Die Meldung wurde am Sonntag von mehreren Medien aufgegriffen, vom amerikanischen Team aber auch auf Nachfrage nicht kommentiert. Es gab keine Angaben zum Zustand von Paul Goodison, der 2008 zum Laser-Olympiasieg segelte und ein Jahr später Weltmeister wurde. Die Crew-Listen für den achten Renntag wiesen den 37-jährigen Argentinier Lucas Calabrese als Co-Piloten für Tom Slingsby am Steuer von “Patriot” aus.

Da die Amerikaner am noch ausstehenden letzten Renntag der Round-Robin-Runde im Louis Vuitton Cup auf die neuseeländischen America’s-Cup-Verteidiger treffen, hat ihr Match keine Auswirkungen auf die Herausforderer-Wertung im Kampf um die Halbfinalplätze. American Magics dritter Platz ist zementiert.

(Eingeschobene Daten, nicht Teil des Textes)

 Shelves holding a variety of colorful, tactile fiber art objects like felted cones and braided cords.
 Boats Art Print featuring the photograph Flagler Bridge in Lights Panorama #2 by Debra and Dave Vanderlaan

Hier geht es zu den Zwischenständen in der doppelten Round-Robin-Runde im Louis Vuitton Cup – einmal inklusive der teilnehmenden neuseeländischen Cup-Verteidiger und einmal ohne. Letzteres Klassement ist relevant für die Ermittlung der vier Halbfinalisten unter den fünf Herausforderern.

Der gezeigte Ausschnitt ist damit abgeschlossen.